As I promised a few days back, my own contribution to the celebration of Darwin's birthday will consist of some reflections on how the world we have discovered with our senses and our reason is meaningful for us, and hospitable to our happiness. People who reject science in the name of religion say that Darwin's world has no moral foundation and leaves us stranded without purpose. That is simply a failure of understanding and imagination.
In fact, the universe I know, as an atheist and a humanist, is far more grand and wondrous than the cramped, impoverished world of creationists. Best of all, it opens up far more vast vistas of meaning, and infinitely greater prospects of purpose. Creationists find meaning only in a ghost, an invisible, incomprehensible entity that exists outside of the world. For me, meaning is right here, inside me and all my friends and all the world's people. What could possibly be more exciting and rewarding than to be like Copernicus and Newton and Darwin, and discover the universe for ourselves?

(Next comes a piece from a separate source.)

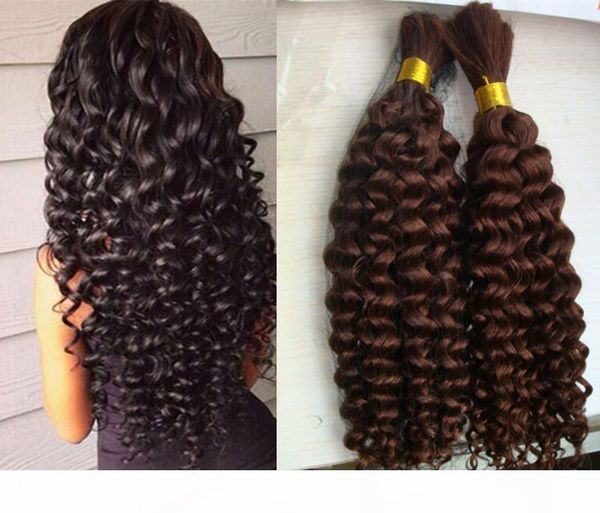 grade 8a-- 100% human virgin brazilian deep wave hair bulk without weft, brown color 4 &100g per piece, dhl, Black
grade 8a-- 100% human virgin brazilian deep wave hair bulk without weft, brown color 4 &100g per piece, dhl, Black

How wondrous we find ourselves, to know that we arose from the workings of physics and chemistry and probability, acting over billions of years, and here we are with the astonishing capacity to understand, to experience, to choose.
Morality does not come from God, after all. It is part of our nature. It arose because we succeeded in the world as social animals, so our mutual regard and love are part of how we work, part of what evolution made us.
So here we are. We got here by chance, we won the lottery. Hooray! We can look around, discover where we are, become whatever we can accomplish. We are not limited by what has been given to us, we are not beholden to any creator, we are not commanded by any law but our own. How joyous that should make us! We are free.
In coming days, I will say more about how I believe we should use our freedom.